What needs to be done » Using the listing below, output only the lines from the one that contains "cambodia map icon" through the one that contains "Blauw doorgestikt mouwloos", inclusive, exactly as given and without images.

Data for the task »
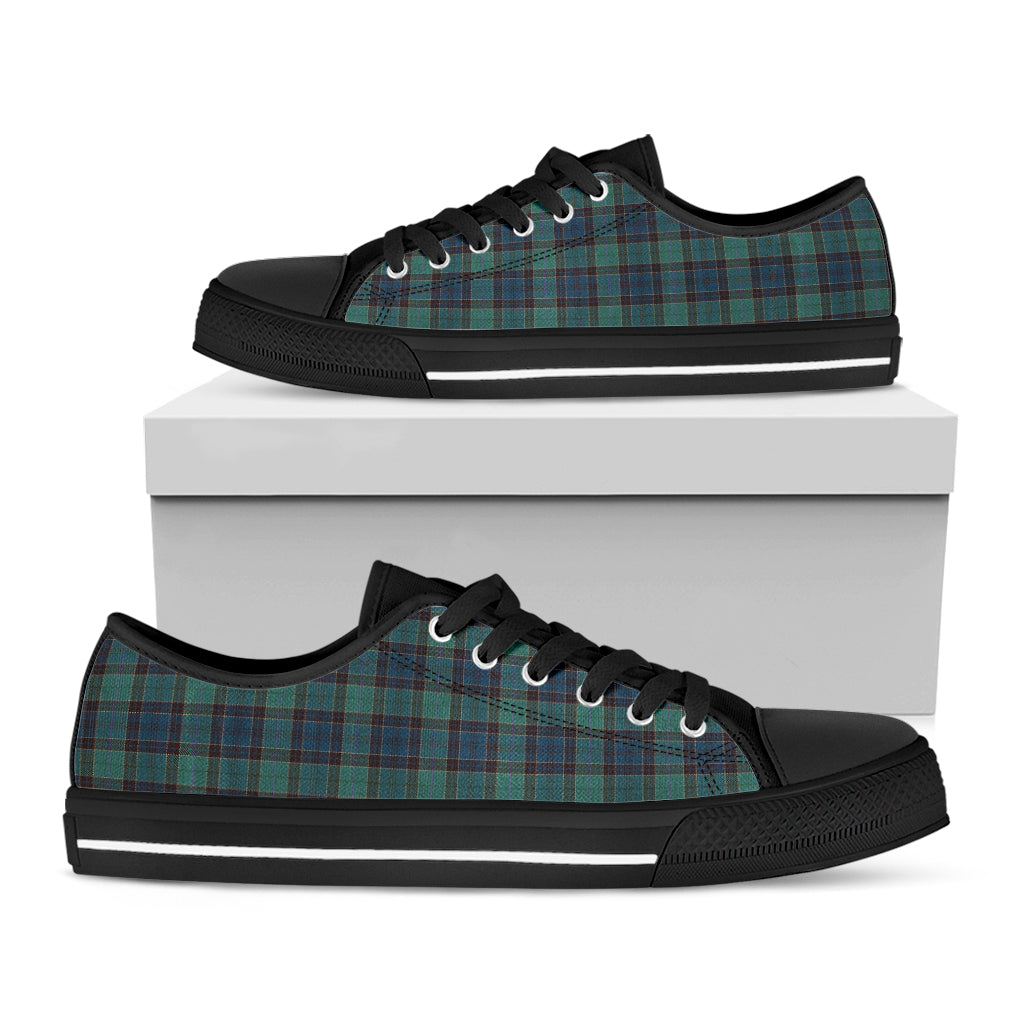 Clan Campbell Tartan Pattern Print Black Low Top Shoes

--

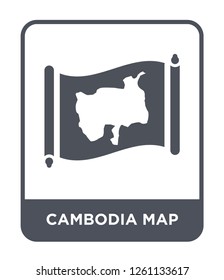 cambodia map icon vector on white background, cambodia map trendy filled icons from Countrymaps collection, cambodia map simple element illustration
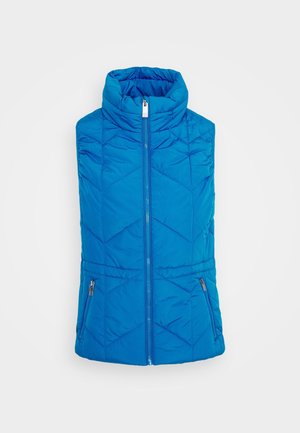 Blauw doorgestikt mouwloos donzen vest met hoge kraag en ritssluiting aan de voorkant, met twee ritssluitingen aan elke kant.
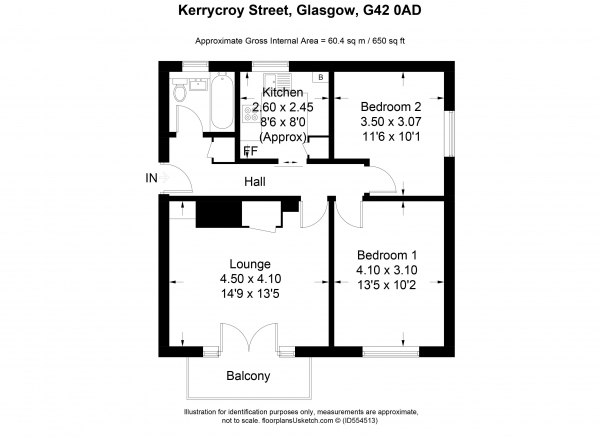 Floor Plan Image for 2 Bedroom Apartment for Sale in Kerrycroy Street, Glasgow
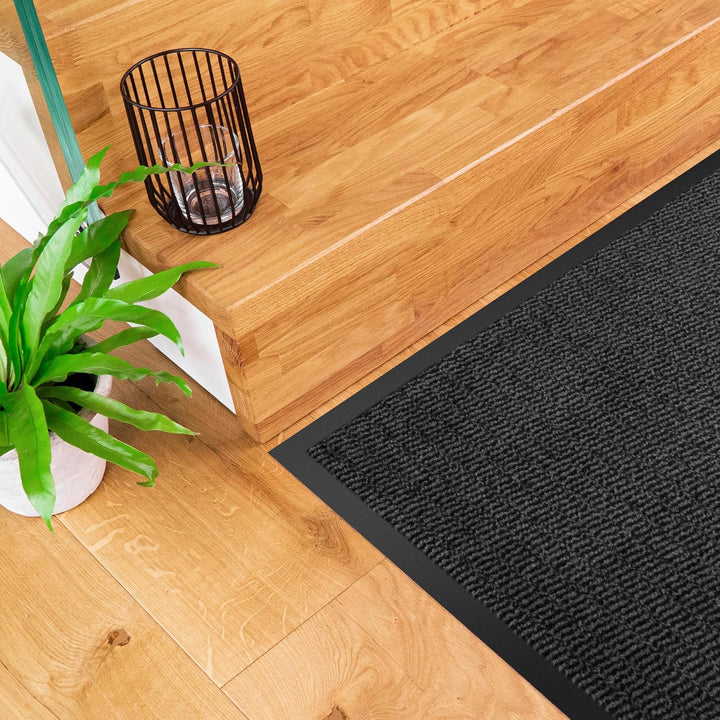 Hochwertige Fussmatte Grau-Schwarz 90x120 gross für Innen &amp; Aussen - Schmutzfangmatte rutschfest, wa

Written response »
 cambodia map icon vector on white background, cambodia map trendy filled icons from Countrymaps collection, cambodia map simple element illustration
 Blauw doorgestikt mouwloos donzen vest met hoge kraag en ritssluiting aan de voorkant, met twee ritssluitingen aan elke kant.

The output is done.